Thoughts About Tiny Houses: When is Small Too Small?

by ziggy on May 8, 2012 -- 9 comments -- Follow

The Good Life

I have zero doubts that the average American house is way, way too big and consumes far too much energy (in its construction, and especially through its use), and produces far too much waste. This is a huge problem.

Thankfully, there is now a shift towards a tiny house movement, with some forward-thinking folks designing, building, and residing in ever smaller homes, in opposition to the “bigger is better” mentality that has plagued modern American homes. But when is small just too small to be practical? How realistic are tiny homes for a non-consumer lifestyle?

I’ve been pondering that question recently. For individuals living a more “conventional” lifestyle, with a full-time job, perhaps a commuter job, who shop for groceries and do not grow much or any of their own food, who live in the city or suburbs, who do not have work that involves the land, or farming… the need for a lot of space is indeed questionable. As many people are familiar, if there is space to fill, it will get filled (see: your parent’s attic full of crap that no one has sifted through in years).

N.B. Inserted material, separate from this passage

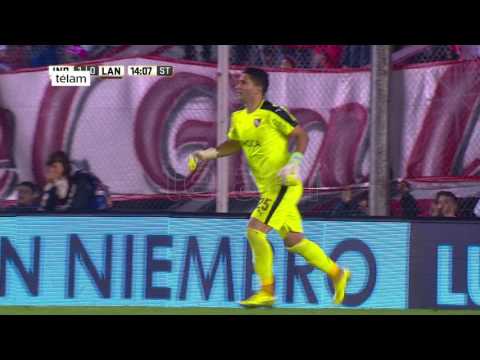 Independiente igualó con Lanús y no clasificó a la Libertadores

As a homesteader, a food producer, an aspiring self-sufficient type, or some one that lives in a rural setting, etc., space is valuable, and a necessity. Have a significant-sized garden? You’ll probably want to can and put up a lot of your homegrown food, and quart jars take up a lot of space. Do you raise animals? Where are you going to process wool, or make the cheese from this morning’s milk, or make your sausage from your pig in the fall? Probably not in your 120 square foot home.

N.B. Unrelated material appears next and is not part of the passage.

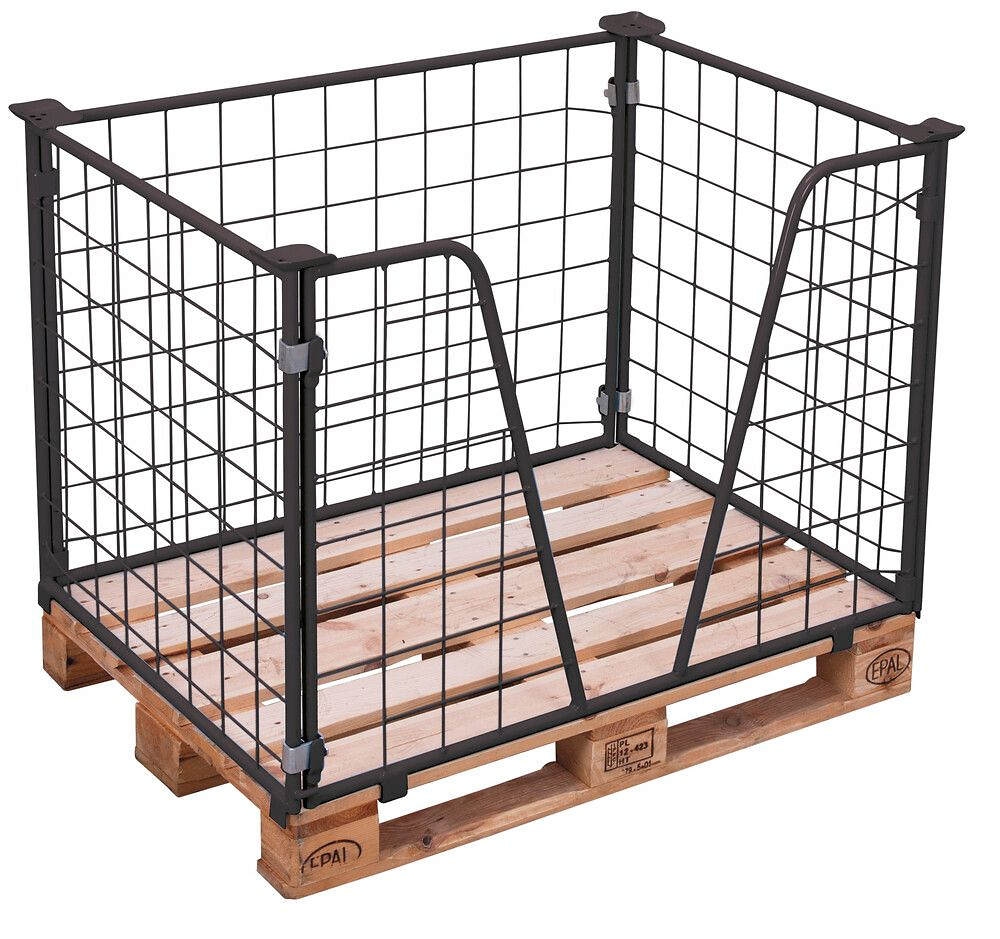 Palettenaufsatz Typ 63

I suppose my question is: where do you draw the line on tiny houses, especially if you do work or maintain a lifestyle that involves providing more for yourself? You simply couldn’t put up 200 quart jars of food in a small space.

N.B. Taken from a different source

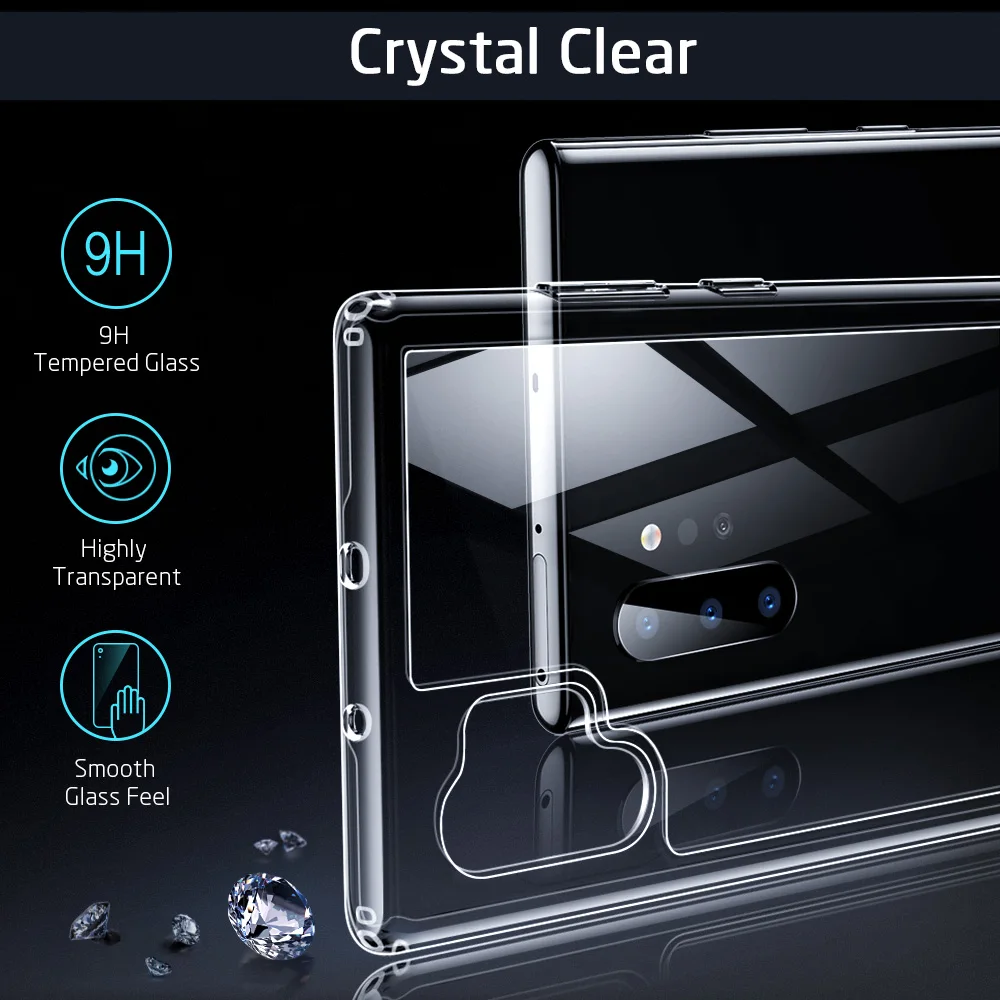 Cường lực Camera ESR Galaxy S20 Plus ...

I think it is important to recognize that American homes are, on the whole, way too big, and those folks leading more “conventional” (for lack of a better word) lives could probably benefit from downsizing their space. (Middle class Americans are probably familiar with that one room in their house that almost no one ever uses, or the one or two that are completely full of crap. Wealthy Americans probably have half a dozen or more of those rooms.)

I’ll speak for myself here (as someone who is trying to provide more for myself) that space is definitely a premium, and I am frugal with the space that I build for myself, but there is definitely a threshold at which a space is not useful, since growing your own food, raising chickens, keeping bees, making candles, woodworking, home building, etc. — all that stuff takes space. Tools and equipment take space. Preserved food takes space. A tiny home would never be enough.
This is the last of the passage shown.